16 March 2011

LPSC 2011 – Day 1: Cryospheres and Making Moons

Posted by Ryan Anderson

Greetings from Texas, loyal readers! As you may have noticed, this year’s Lunar and Planetary Science Conference came and went with barely a peep here on the blog. This is because, unlike some members of the planetary science community, I do need to sleep occasionally, and I spent almost all of my time at LPSC either in sessions or working on my never-ending paper. Yeah, remember the one that I had grand plans of submitting before the conference? Still not submitted. Instead on Wednesday I had a good chat with my co-authors, and got a to-do list of things to add and change, which took up all my spare time for the rest of the conference and the weekend after.

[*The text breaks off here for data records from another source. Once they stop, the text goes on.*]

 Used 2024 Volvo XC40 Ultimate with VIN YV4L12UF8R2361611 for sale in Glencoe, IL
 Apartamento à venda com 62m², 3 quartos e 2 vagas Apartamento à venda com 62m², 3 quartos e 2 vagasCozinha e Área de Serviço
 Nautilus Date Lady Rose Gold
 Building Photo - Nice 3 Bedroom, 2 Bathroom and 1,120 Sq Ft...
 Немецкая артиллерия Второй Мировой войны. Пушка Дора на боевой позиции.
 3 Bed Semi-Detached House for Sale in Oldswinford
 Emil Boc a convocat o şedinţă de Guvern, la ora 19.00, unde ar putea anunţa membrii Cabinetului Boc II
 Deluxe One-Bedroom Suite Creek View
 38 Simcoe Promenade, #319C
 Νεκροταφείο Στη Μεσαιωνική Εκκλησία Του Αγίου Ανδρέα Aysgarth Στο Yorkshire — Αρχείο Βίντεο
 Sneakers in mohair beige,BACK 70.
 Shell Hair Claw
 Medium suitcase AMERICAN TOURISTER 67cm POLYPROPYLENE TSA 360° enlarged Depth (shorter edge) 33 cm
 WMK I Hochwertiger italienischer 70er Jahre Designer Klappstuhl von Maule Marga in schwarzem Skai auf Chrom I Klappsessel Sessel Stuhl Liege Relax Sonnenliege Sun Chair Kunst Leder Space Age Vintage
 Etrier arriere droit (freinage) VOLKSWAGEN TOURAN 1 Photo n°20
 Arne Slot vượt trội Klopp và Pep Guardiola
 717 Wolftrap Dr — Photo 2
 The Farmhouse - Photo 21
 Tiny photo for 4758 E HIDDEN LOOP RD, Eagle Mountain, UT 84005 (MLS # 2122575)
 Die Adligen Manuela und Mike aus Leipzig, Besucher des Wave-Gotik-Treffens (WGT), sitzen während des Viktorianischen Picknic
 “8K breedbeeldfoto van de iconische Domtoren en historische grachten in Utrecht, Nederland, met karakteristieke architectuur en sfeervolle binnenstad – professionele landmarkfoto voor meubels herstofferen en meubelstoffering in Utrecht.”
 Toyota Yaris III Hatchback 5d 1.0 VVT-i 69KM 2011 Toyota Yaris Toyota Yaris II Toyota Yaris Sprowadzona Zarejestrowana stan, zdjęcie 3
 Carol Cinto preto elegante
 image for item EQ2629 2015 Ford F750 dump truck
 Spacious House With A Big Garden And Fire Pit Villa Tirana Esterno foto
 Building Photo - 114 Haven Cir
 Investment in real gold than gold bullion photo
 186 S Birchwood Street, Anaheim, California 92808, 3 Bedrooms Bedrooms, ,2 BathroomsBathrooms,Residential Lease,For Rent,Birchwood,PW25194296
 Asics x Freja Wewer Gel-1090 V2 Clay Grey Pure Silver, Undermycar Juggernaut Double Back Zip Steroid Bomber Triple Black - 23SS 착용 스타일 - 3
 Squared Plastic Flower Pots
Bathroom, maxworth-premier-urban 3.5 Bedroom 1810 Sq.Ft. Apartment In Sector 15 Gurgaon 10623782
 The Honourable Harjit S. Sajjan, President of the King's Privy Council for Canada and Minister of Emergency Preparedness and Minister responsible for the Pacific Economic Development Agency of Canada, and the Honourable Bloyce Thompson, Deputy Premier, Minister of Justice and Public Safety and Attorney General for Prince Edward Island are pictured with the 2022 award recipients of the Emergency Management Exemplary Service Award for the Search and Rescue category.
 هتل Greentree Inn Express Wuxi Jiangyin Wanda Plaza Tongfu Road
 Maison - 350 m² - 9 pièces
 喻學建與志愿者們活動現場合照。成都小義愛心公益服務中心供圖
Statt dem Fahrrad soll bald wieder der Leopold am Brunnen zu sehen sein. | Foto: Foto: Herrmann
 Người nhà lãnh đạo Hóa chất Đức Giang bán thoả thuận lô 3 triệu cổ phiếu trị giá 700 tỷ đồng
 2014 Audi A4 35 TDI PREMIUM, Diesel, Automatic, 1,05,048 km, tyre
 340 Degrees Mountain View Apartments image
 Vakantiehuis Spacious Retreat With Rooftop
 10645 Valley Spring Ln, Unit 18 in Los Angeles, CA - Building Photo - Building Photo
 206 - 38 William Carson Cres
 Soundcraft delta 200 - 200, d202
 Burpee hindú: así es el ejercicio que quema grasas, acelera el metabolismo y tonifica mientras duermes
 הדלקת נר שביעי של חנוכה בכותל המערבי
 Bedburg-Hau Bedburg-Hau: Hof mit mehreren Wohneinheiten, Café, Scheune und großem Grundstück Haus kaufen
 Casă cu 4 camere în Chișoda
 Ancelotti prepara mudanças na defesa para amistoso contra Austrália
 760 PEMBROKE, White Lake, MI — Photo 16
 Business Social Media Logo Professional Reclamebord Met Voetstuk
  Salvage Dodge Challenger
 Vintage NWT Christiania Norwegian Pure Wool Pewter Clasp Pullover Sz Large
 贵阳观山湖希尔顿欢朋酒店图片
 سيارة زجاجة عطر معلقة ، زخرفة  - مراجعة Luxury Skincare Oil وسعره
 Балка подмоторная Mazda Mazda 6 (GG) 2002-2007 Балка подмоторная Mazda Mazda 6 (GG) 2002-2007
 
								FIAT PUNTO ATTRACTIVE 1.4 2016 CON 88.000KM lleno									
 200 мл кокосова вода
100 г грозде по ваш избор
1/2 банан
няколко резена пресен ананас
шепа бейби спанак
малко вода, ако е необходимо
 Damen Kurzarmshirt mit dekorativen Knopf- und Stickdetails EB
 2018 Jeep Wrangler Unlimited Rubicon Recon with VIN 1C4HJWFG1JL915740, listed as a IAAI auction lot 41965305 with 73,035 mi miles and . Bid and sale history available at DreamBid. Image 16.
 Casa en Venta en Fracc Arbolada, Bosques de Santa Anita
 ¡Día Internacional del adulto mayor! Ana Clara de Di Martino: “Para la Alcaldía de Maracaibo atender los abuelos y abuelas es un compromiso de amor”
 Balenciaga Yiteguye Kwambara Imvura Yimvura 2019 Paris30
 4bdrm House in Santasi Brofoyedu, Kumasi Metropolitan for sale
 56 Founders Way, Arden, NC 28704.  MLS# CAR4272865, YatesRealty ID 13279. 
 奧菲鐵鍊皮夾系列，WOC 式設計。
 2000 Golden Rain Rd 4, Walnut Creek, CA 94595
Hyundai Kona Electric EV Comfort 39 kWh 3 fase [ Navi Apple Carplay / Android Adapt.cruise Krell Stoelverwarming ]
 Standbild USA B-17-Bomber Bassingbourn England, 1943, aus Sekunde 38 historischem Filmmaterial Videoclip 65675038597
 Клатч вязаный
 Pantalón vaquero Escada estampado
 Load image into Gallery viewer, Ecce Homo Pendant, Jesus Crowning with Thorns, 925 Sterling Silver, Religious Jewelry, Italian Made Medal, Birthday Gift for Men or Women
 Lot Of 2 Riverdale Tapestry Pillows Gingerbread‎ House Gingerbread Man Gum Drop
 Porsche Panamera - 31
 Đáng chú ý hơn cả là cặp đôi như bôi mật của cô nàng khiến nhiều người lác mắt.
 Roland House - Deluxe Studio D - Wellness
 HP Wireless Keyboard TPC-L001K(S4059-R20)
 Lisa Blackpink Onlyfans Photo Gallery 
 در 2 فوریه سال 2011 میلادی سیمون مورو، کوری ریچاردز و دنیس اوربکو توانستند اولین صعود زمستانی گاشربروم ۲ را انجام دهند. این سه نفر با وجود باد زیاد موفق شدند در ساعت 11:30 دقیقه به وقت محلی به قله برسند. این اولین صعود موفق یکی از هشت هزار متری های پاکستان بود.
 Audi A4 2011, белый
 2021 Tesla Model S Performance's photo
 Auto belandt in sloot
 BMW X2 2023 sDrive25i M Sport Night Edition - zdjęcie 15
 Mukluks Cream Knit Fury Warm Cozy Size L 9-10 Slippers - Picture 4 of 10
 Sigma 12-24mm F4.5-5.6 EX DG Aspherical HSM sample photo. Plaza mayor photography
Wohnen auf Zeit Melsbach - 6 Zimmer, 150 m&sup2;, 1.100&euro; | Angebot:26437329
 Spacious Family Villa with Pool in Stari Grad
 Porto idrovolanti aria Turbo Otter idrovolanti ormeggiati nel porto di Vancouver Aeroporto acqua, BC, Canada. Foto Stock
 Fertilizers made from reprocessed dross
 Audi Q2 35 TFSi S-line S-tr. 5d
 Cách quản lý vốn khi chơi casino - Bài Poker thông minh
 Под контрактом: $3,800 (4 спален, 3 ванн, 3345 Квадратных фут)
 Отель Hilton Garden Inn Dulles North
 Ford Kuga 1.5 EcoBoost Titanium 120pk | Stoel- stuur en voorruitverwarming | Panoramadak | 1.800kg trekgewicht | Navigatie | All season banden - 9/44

But now the latest draft is back in their court, I am installed at NASA’s Johnson Space Center for a month of lab work, and I have a little bit of time to breathe and blog. So! Before it gets too stale, let’s get cracking on the LPSC summary! I’m going to start a new thing that I really should have been doing all along, and will be linking to the LPSC abstract for each talk that I mention.

Monday started off with a session on the Martian cryosphere. Jim Head gave an interesting talk suggesting that the current climate on Mars is actually pretty strange. He pointed to (among other things) the discovery of shallow ice at the Phoenix landing site, an ice-bearing latitude-dependent mantle that mutes topography and may be a source of gully-forming water, and evidence for CO2 glaciers formed during low obliquity periods to argue that Mars’ climate is intimately tied to how much it is tilted. Right now, Mars is moderately tilted, so it doesn’t have the CO2 glaciers formed when it has almost no tilt, nor does it have the extensive water ice that gets deposited when it is highly tilted.

Another interesting talk was by one of Jim Head’s students, Ethan Schaefer. Ethan talked about his studies of Vaduz crater which is an example of an “excess ejecta crater”. Basically, that means that the apparent volume of the ejecta is larger than the volume of the hole in the ground. This happens when a crater forms in icy material and then the climate changes and the ice starts to sublimate away. The ejecta protects the ice underneath it, so the surrounding plains sink but the ejecta and the ice beneath it remain. Based on the volume of ejecta remaining and the drop of the surrounding terrain, Schaefer interprets the ice as being due to precipitation rather than just ice trapped between the pores in the soil.

Colin Souness gave a cool talk investigating whether the “glacier like forms” on Mars act like glaciers on Earth. Terrestrial glaciers act like icy conveyor belts, with ice added at high elevations and removed at low elevations. The alternative is the flow of a pre-existing mass of ice due to local topography. Souness found that the “glacier-like forms” on Mars were correlated more with local topographic relief than elevation, so they are likely not behaving like glaciers on Earth.

After the Cryospheres session I went to the Masursky Prize lecture, given by Robin Canup. Dr. Canup is famous for her simulations of the giant impact that formed the moon (although apparently not famous enough for Bill O’Reilly to know about her work…) and she gave a great lecture about how various moons in the solar system formed.

She showed that for rocky planets like ours, the trick is getting the debris from a giant impact into orbit. It turns out that based on the way the planet and the giant impactor interact, most of the material that ends up in orbit (and therefore clumping together to form the moon) comes from the leading edge of the impactor.

A frame from one of Robin Canup's simulations of the formation of the moon. Color corresponds to temperature (red is hot, blue is cold).

For giant planets things are more complicated because the planet formed from the accretion of gas from the solar nebula into a big disk. While this is happening, there is so much energy being dumped into the forming planet that it is puffed up to 100s of times its final size. The planet’s moons form from the accretion disk, and multiple generations of moons probably formed and then spiraled too close to the planet and were consumed. The familiar moons that we see around Jupiter and Saturn are just the last survivors. This model has the bonus advantage of supplying material to form rings around the planet as the final moons drift too close and are torn apart.